Il y a des chansons qui vous transporteront toujours ailleurs lorsqu’elles vous tombent dans les oreilles. Lorsque Iko Iko des Dixie Cups entame son hymne au travers de mon Macbook, aussitôt mon marteau et mon enclume touchés, rien à faire. J’ai beau disposer de deux horrifiantes heures pour terminer un travail de session à peine commencé, mon instinct primaire refait surface, j’ai envie de danser dans des hautes herbes et de scander des revendications féministes en dévorant du beef Jerky nue, avec les copines.

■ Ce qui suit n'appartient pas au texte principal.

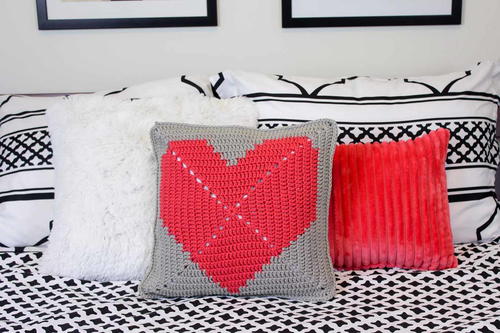 I Heart You Crochet Pillow Pattern "I Heart You" Crochet Pillow Pattern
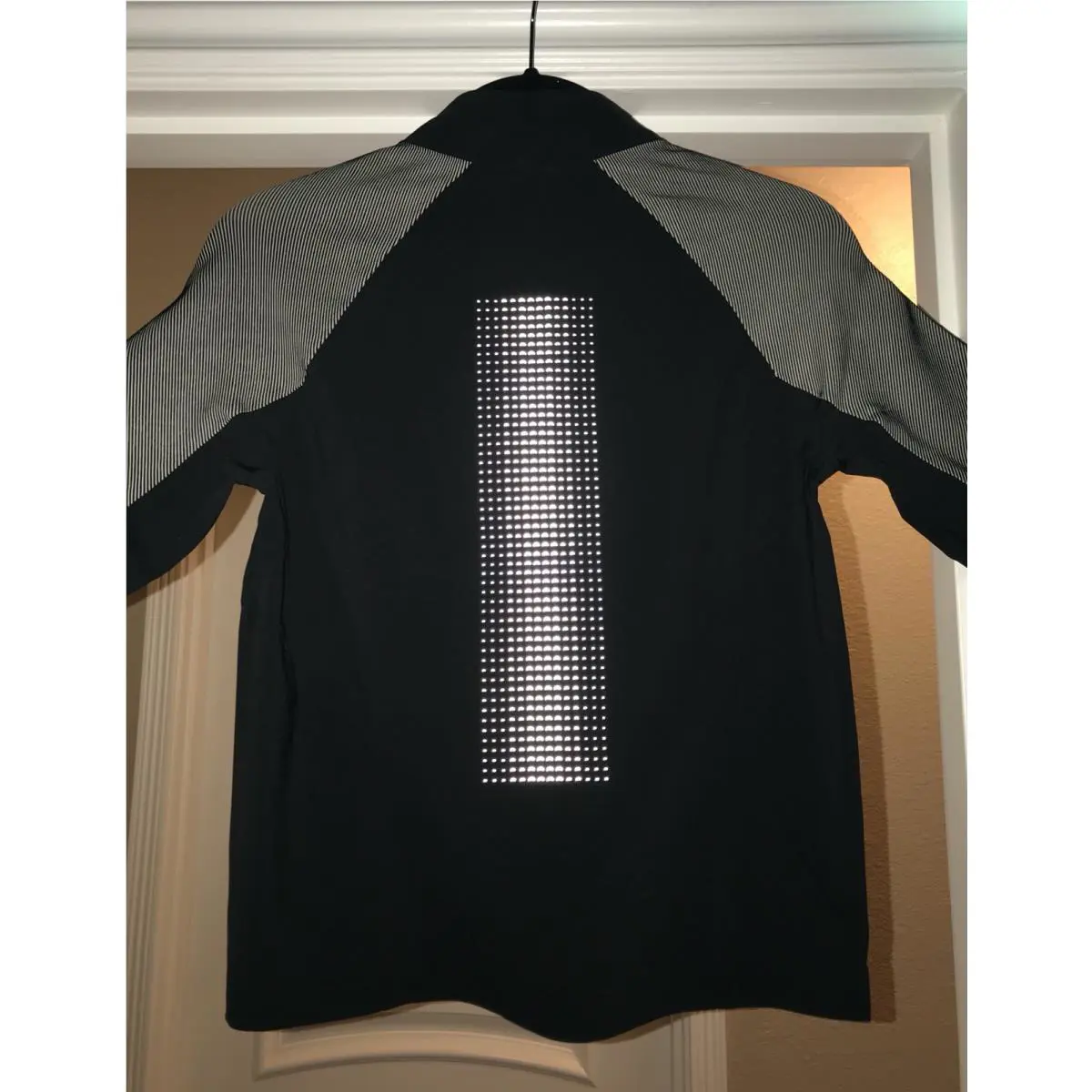 Nike clothing - Black, White (UPC: 886551648195) 1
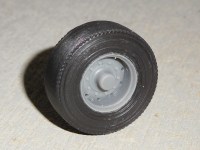 Колесо 1:43 для евро фуры, диск R22,5 и покрышка 385\65 для прицепов и полуприцепов ТОНАР, НефАЗ, ЧМЗАП, МАЗ, Grunwald, Meusburger, и других (Ikar models)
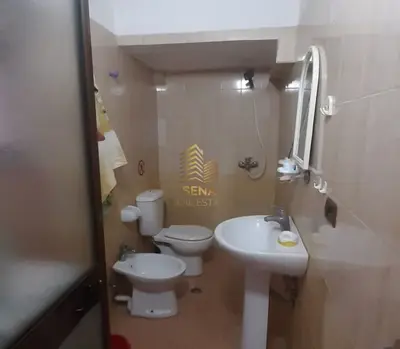 Apartament 1+1 me qera në Rruga Kongresi I Manastirit, Tiranë, 60 m². Foto 8 nga 9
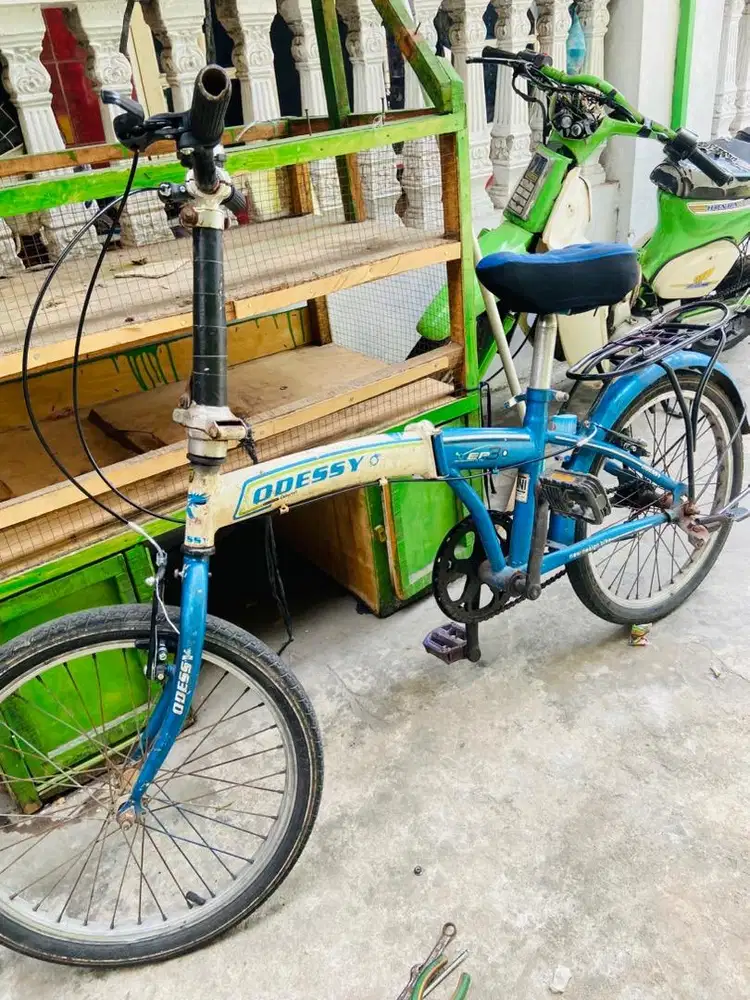Sepeda lipat 20inch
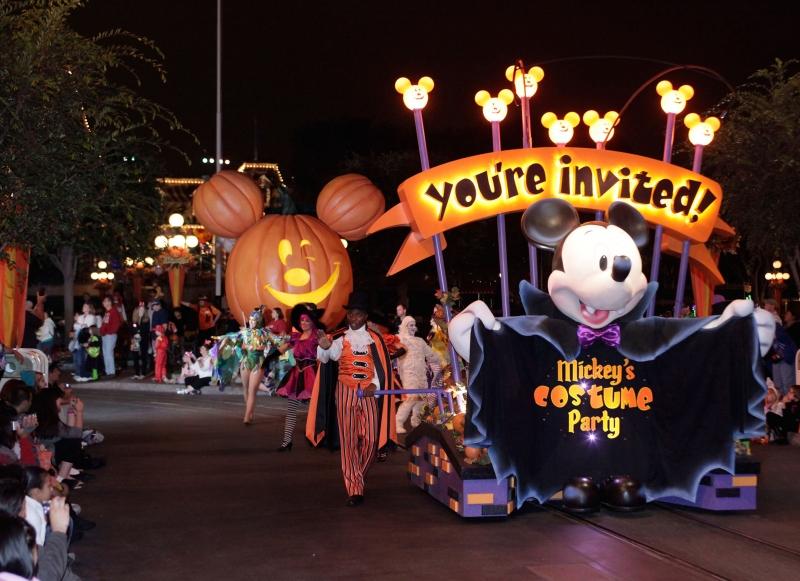 Giúp học sinh tìm hiểu được cách chào đón lễ hội Halloween ở các nước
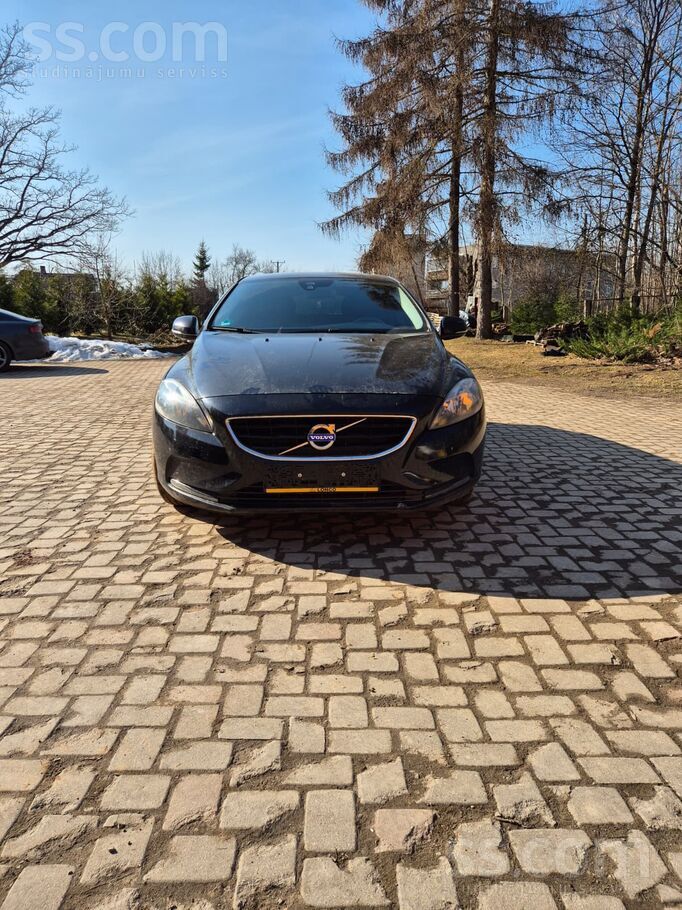 Volvo Volvo V40 ar motora defektu- jāmaina dzinējs.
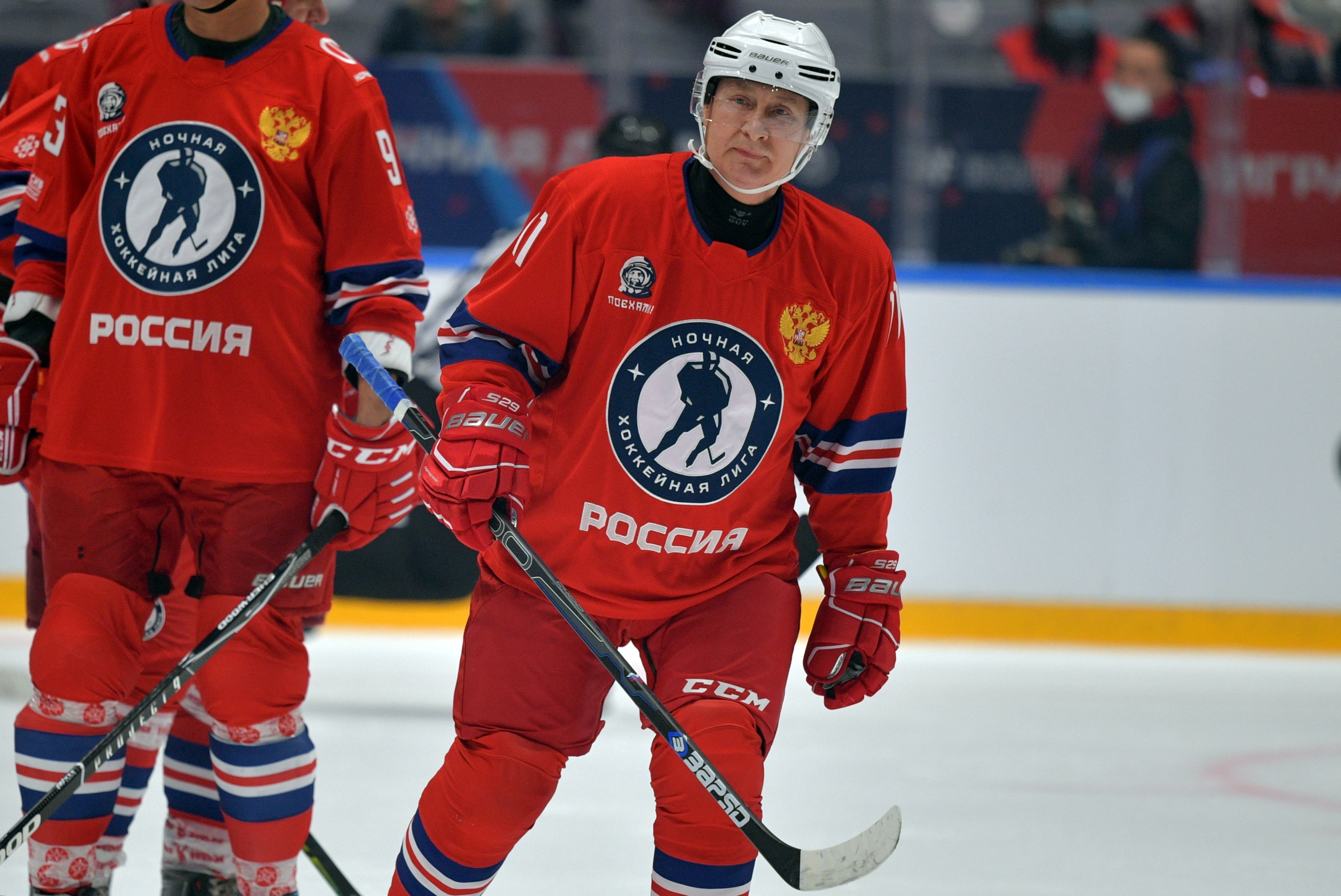 El hockey es para Vladimir Putin algo político, y suele participar en juegos de la liga profesional para aumentar su popularidad.  Sputnik/Alexei Druzhinin/Kremlin via REUTERS ATTENTION EDITORS - THIS IMAGE WAS PROVIDED BY A THIRD PARTY.
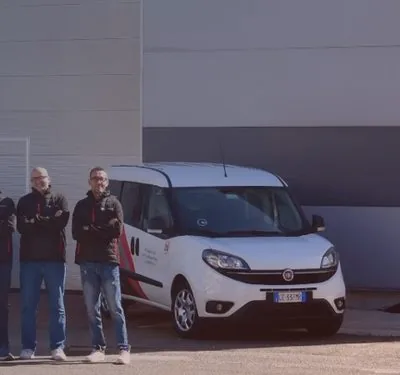 Furgone col nome dell'impresa e squadra in divisa
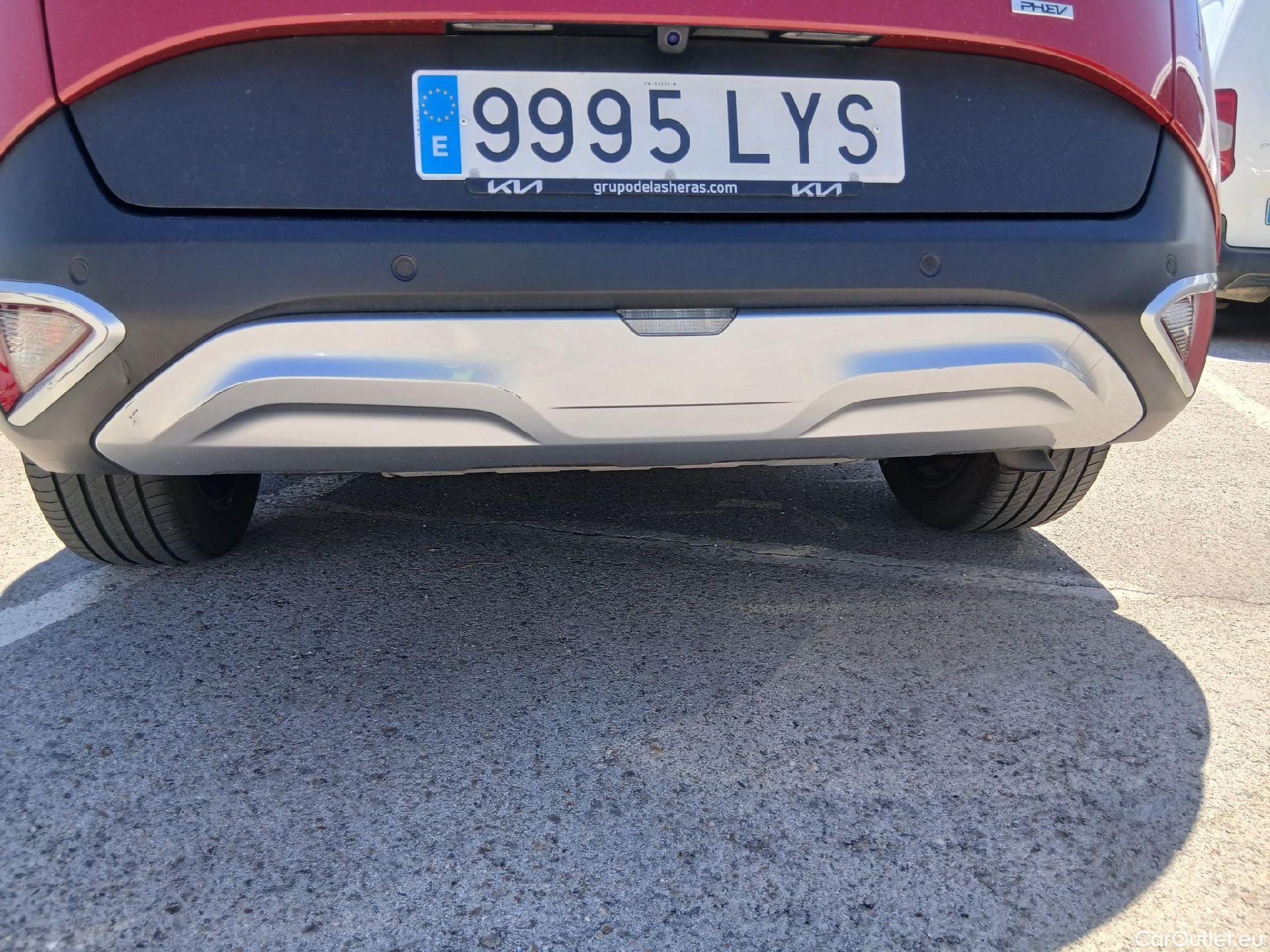  KIA  Sportage KIA  / 2022 / 5P / todoterreno 1.6 T-GDi PHEV 198kW (265CV) Drive 4X4 #15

Pas étonnant qu’elle fasse ressortir en moi mon côté sauvage, la toune, classique du Mardi Gras de Nouvelle-Orléans, est issue d’un mix épicé de patois cajun, de dialectes amérindiens et de Créole. Enregistrée en 1965 par les Dixie Cups, Iko Iko était à la base une rengaine que grand-mère chantonnait aux sœurs Barbara, Rosa et la cousine Joan, de manière futile, probablement en ébouillantant ses écrevisses. À la fin d’une journée épuisante au Studio, le trio s’est mis à fredonner la chanson de jadis en frappant la cadence avec des baguettes sur cendriers et bouteille de Coke. Sans se douter que leur petit Jam rudimentaire était en train d’être enregistré, Iko Iko devint à la fois leur 5e et dernier hit.
Les Dixie Cups ignoraient tout sur l’origine de cette chanson magique jusqu’au jour où un certain James ‘Sugar Boy’ Crawford, entama une poursuite judiciaire, s’attribuant la paternité de cette dernière. Sugar Boy avait écrit « Jok-a-Mo », une chanson presque identique au début des années 50. Les Dixie Cups ne furent toutefois pas les seules à utiliser l’œuvre de Sugar Boy. Cyndi Lauper, Aaron Carter, The Belle Stars, Captain Jack et même notre discutable Patrick Normand scandèrent tour à tour ces étranges paroles :"I'm gonna set your flag on fire […] Iko iko an nay, Jockomo feena ah na nay, Jockomo feena nay ».
Mais quelle est la signification de ce chant guerrier si prenant ? De versions en versions, les termes se transforment et, même ce fameux ‘Sugar Boy’ ignorait le sens réel des phrases qui composaient sa chanson. Toujours est-il que celle-ci semble employer des slogans victorieux et provocateurs anciennement chantées par les Amérindiens lors d’affrontements et scandées lors des Mardis Gras pour alimenter l’esprit de compétition.
Et que sont devenues ces amazones qui m’ont tant marquée avec Chapel of love et Iko Iko? Il semblerait que Rosa soit devenue mannequin, pendant que Barbara et Joan ont embrassé la carrière de maquilleuse. Cependant, Joan abandonnera tout il y a quelques années pour devenir témoin de Jéhovah et, en 2005, Katrina bousille la Nouvelle-Orléans. Conséquemment, Les sœurs sont contraintes d’aller vieillir leurs dernières années dans la mollesse kitsch de la Floride. Qu’à cela ne tienne, quand j’entends les Afro-américaines taper sur leur canette de coke, j’ai toujours envie de me rouler dans la bouette et dans l’herbe, à croire que dans une autre vie, je m’appelais Cheyenne et que je déchiquetais du bison au lieu d’aller manger chez Mont-Royal Hot-dog.